Помпей в Риме. Слабость правительства. Попытки Помпея вступить в соглашение с сенатом. Совещания в Лукке. Общее недовольство и оппозиция триумвирам. Красс в Сирии, его гибель. Соглашение Помпея с сенатом и происки против Цезаря. Разрыв Цезаря с сенатом и Помпеем

В те годы, когда Цезарь совершал в Галлии свое великое дело, в столице завершался переход от уничтоженного старого государственного устройства к утверждению нового, опирающегося на военную силу, по существу своему монархического. Старый порядок пал, новый еще не установился. Все видели, что возврат к прежним порядкам невозможен; все чувствовали в то же время, что новый порядок вещей возродится не из демагогических разглагольствований, но как он возникнет – это еще никому не было ясно. И если весь государственный строй Рима отлился в особенно рельефные, определенные формы, то с особою яркостью в Риме проявилась и анархия, неизбежная в такие периоды, с особенною ясностью обрисовался тот процесс, который совершается в подобные переходные эпохи.

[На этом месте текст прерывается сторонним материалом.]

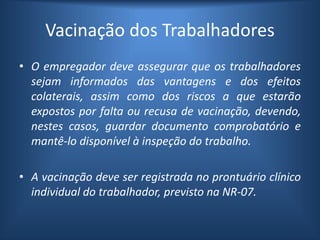 Vacinação dos Trabalhadores
• O empregador deve assegurar que os trabalhadores
sejam informados das vantagens e dos efeitos
colaterais, assim como dos riscos a que estarão
expostos por falta ou recusa de vacinação, devendo,
nestes casos, guardar documento comprobatório e
mantê-lo disponível à inspeção do trabalho.
• A vacinação deve ser registrada no prontuário clínico
individual do trabalhador, previsto na NR-07.
 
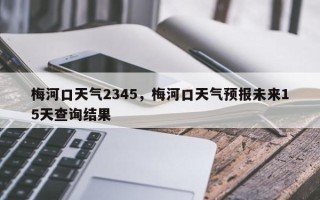梅河口天气2345，梅河口天气预报未来15天查询结果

В столице из триумвиров остался Помпей. Он был первым человеком, главною силою триумвирата, в глазах всех и всего более – в своих собственных. Но скоро обнаружилось, что его способности далеко не соответствовали принятой им на себя задаче: Помпей вовсе не обладал необходимыми в его положении гибкостью и разносторонностью ума и быстротою соображения, он всегда был медлителен и тяжеловат, и в сложной путанице самых различных отношений из рук его ускользнуло всякое влияние в столице.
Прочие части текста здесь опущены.